The application of the Cambridge crime harm index alters our understanding of which suspects are high “value” targets considerably. Using CHI rather than crime counts reveals that some of the identified recruiters account for less crime harm over a 5-year period than many offenders do in a single crime. This advances the methodology of high harm offender targeting significantly, suggesting that police resources be targeted to the highest harm recruiters who are linked to a very significant amount of harm, making them in some cases up to 137 times as harmful as the average offender.

The recruiters do not appear to be persistent from year to year, either on a 1-, 2- or 3-year analysis, at least based on recorded offences. There is an argument to be made that these suspects have been identified as recruiters and therefore are likely to continue offending even if they are not identified through the data as such. It may also be that police resources are naturally targeted at these recruiters as they are a subset of prolific offenders; they may therefore have disappeared from the data due to the application of the criminal justice process.
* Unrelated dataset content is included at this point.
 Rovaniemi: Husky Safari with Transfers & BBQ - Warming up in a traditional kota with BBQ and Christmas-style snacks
The key to targeting recruiters may be to consider a continuous process of identification, with police interventions focussed on those offenders who reach a threshold, immediately as soon as they reach that threshold. The justification for such intensive tracking, perhaps with an algorithmic digital tracking system, is especially justified for those recruiters who are linked (through accomplices) to substantial amounts of crime harm. Targeting these high-total (direct and indirect) harm recruiters, as well as their linked offenders, has clear potential for substantial benefit, as long as they can be identified early enough.

The requirement to effectively target police resources is central tenet of the drive to become more evidence-based in policing (Sherman 2013). The identification of recruiters appears to be a promising method of targeting and has previously resisted more detailed exploration due to the analytic difficulties of identifying recruiters. This has meant that previous studies have identified recruiters in a dataset but have been unable to re-compute partial datasets multiple times to ascertain the continuing offending of those recruits.
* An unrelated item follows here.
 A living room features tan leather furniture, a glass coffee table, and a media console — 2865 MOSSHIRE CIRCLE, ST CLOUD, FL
This study, having built a database application to accomplish this data analysis, was able to re-compute the data more than ten times to better understand the potential impacts of targeting recruiters identified in different time periods. This analysis was conducted in 2016, and since then, the potential for rapid analysis of large datasets in this way has improved significantly. The advent of cloud-based platforms where researchers may purchase large amounts of computing power for short periods of time has been helpful, as would programming of digital tracking of reported harm levels by recruiters and their recruits. Revisiting these methods with large datasets may prove increasingly useful as Police IT systems improve, with work done now potentially informing operational decision-making as those IT systems advance.